Having looked at some of the 'common' birds and their habitats, some are found in forests, which doesn't really sound like common land to me, at least as we know it today.
I think in the majority of cases the name 'common' does refer to abundance or familiarity. Just that in this instance it doesn't. And I cant remember my original references for this. I researched the name 15+ years ago and found several medieval/historical texts referring to this being the gull of common land. but someone has already given Dave Okill's reference earlier, but Dave doesn't give a reference for his statement.

I think when we discuss the origins of bird names we have to consider them in a historical context, particularly for common or familiar species. Historically birds will have been known by different local communities by different names. Some of these might be very similar, some may be very different. Such historical (and I'm talking 400 years plus here) names can have their origins in appearance, sound, habitat, abundance, familiarity, affection, with reference to other species (e.g. pliver's page for Dunlin), lore and legend. For example, Wren Troglodytes troglodytes has 164 known vernacular names (here's a selection to show just how divers these are -jenny-squit, jenny-cruddle, jenny, jenny-wren, jenny-wran, jinny-wren, Loughgilly, jinny-ran, jinny-wranl, jennywaren, jenner-hen, giller-wren, gilliver-wren, julliver-wren, kitty, kitty-wren, kitty-raan, kitty-tope, katie-wren, kitty-me-wren, brown kitty, brown kittywren, kitty-tope, nantit, nanny-fudger, peggy, sally, bob-wren, bobby-wren, robbie-cuddy, stumpy-dick, joe-cutt, joey-cutty, tommy-liden, tom-in-the-wall, tomtit, thomas-gierdet - thanks to Andy Gosler, EGI Oxford, who happen to present on this last week at the BOU annual conference and whose list of Wren names I therefore had to hand to sue here rather than having to compile it myself!).
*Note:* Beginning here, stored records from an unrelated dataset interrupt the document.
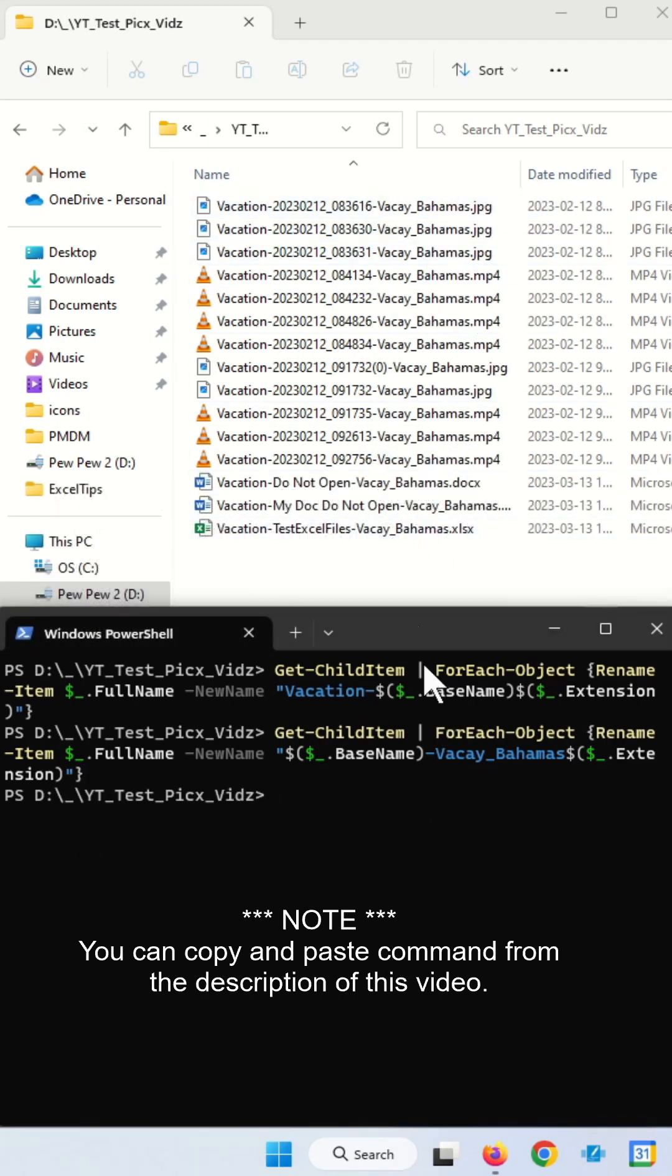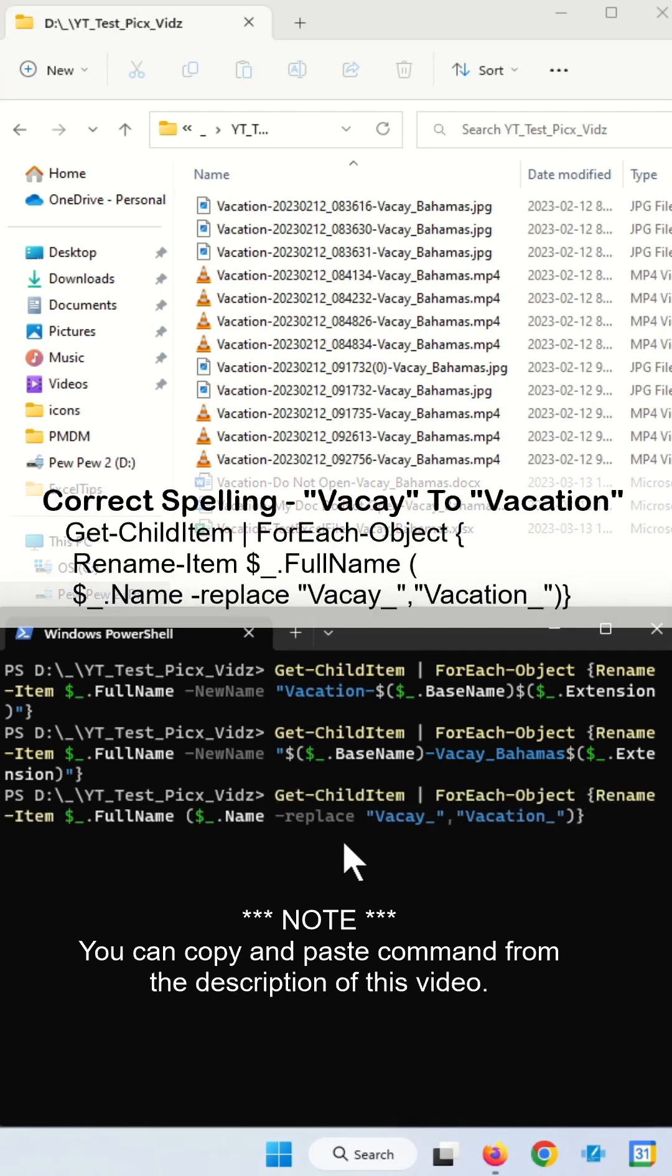And if you want to change the word VK to Vacation itself, you can use this command to replace VK with Vacation.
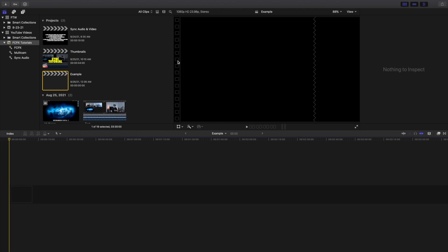What is everyone, and welcome back to another video. In this video, I want to go over how to sync audio and video in Final Cut Pro X. I'm going to go over two different methods. One is just normally syncing audio and video, and I'm also going to go over the multicam option. I'll put timestamps down in the description below so you can jump to the section that you want to learn about.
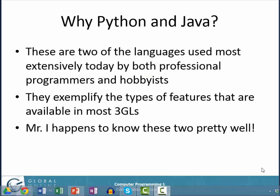I've selected Python and Java as the two languages I'm going to use to illustrate third generation language concepts. Why Python and Java? They're two of the languages used most extensively today by both professional programmers and hobbyists. They're learned often, taught in colleges and in online tutorials, and a lot of people know them. They exemplify the types of features available in most third generation languages. And probably the most selfish reason is I happen to know these two pretty well — these are the two I've been using the most in recent years.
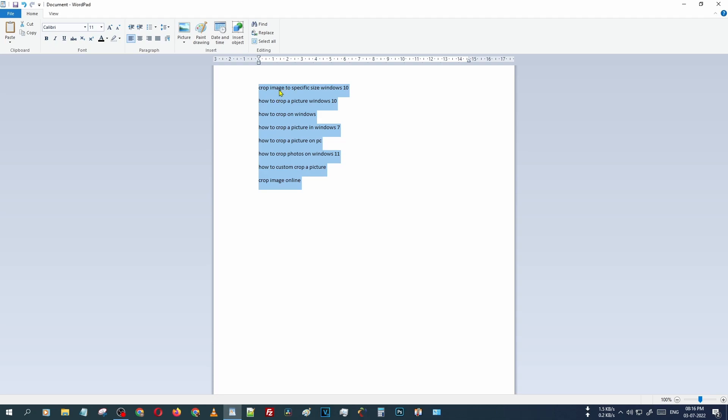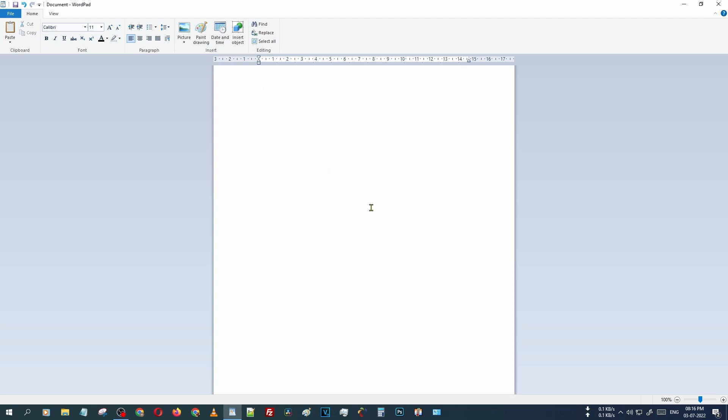You can easily do that by pressing Shift plus F3. It is only working in Windows WordPad, not working on Notepad. Thank you so much for watching. Have a nice day. Bye.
It is only as people began to travel more that bird names began to stabilize/standardize as bird names were exchanged and some stuck and others receded in use, and it was only with the publication of the first texts that some names really began to take precedence over other names nationally. The first real text for this was A History of Birds (1815, Anon) which listed 64 'standard' vernacular names. The poet John Clare added 75 to this initial list. Yarrell's A History of British Birds (1871-85) picked up the thread and accepted only 33 of 64 of the list from 1815 (seemingly ignoring Clare - presumably cos he was seen as a fancy and poet rather than a serious naturalist by the established naturalists of the day), to which Alfred Newton (founder of the BOU) added another 80 species for his revision of Yarrell (again, my thanks to Andy Gosler for this summary which I have to hand).

You can see by the dates involved that the adoption of national level, rather then local/regional level, vernacular names took a long time to get going and an age for names to become adopted and it wasn't really until Victorian times onwards, when books became much more commonplace, that national level vernacular names really started to take hold and became the names which reached the field guides from the 1950 onwards and became the names we all are familiar with today.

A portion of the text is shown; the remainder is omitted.